# Any Arabic Classes in Nasr City?



## xxxxxxxxxxCarmen schmidt (Mar 4, 2009)

Hi again. 
I am Carmen Schmidt from the UK, married to an Egyptian and living in Nasr City fairly near to City Stars I don't know any expats at all!! 
Are there any Arabic Classes I can attend nearby? 
Thanks, Carmen


----------



## wgazzar (Apr 14, 2009)

*Arabic School with Very Good Reputation*



Carmen schmidt said:


> Hi again.
> I am Carmen Schmidt from the UK, married to an Egyptian and living in Nasr City fairly near to City Stars I don't know any expats at all!!
> Are there any Arabic Classes I can attend nearby?
> Thanks, Carmen


Dear Carmen,

Search for "Fajr Center for the Arabic Language" on Google...

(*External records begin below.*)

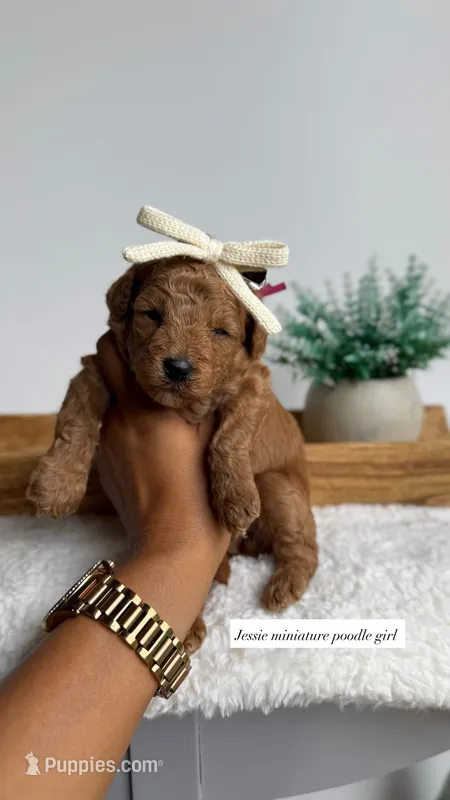 Jessie  – Poodle - Miniature  puppy for sale in Selma, NC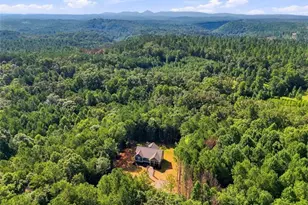 590 Old Shyers Ford Rd, Talking Rock, GA 30175 - Photo 3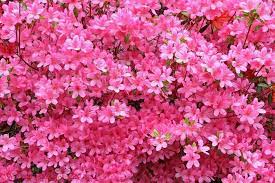 Pink Flowers Floral Tablet Wallpaper Azalea Flower Pink Azaleas Flower Images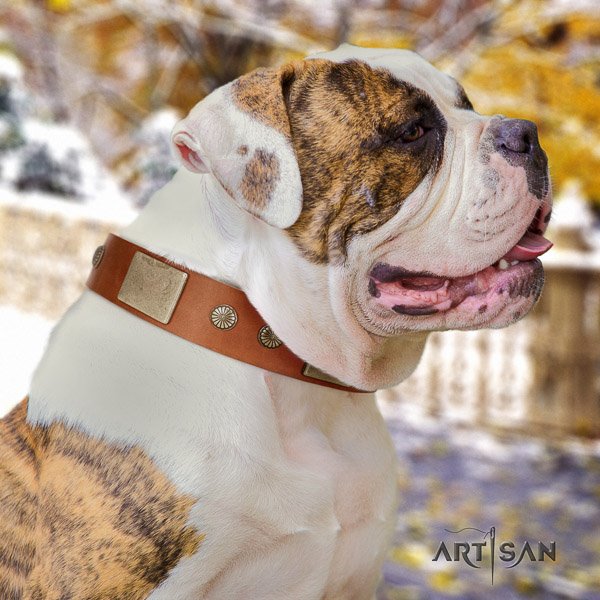 American Bulldog fancy walking full grain leather collar with designer adornments for your four-legged friend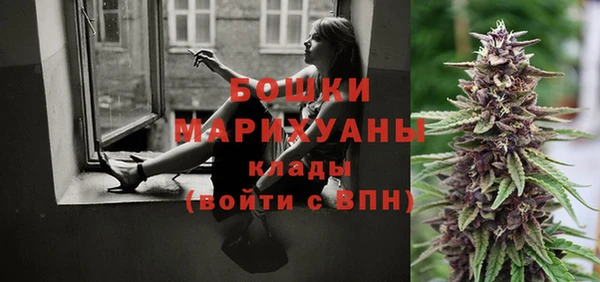 стаф Тобольск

They have a very good reputation and very diverse students...


Regards


----------



## hend.elhaddad (Nov 12, 2009)

hi there , you can always find someone to tutor you, and why dont you ask your wife to teach you if you are egyptian


----------



## Abdurahman36 (Jan 10, 2010)

hello there is a center infront of Seraj Mall in a street called Ahmed el semman street I think it is not far from city stars you could even walk for 20 minutes.


----------



## DKA (Nov 23, 2013)

I am looking for a qualified Arabic Language Institute in Heliopolis!


----------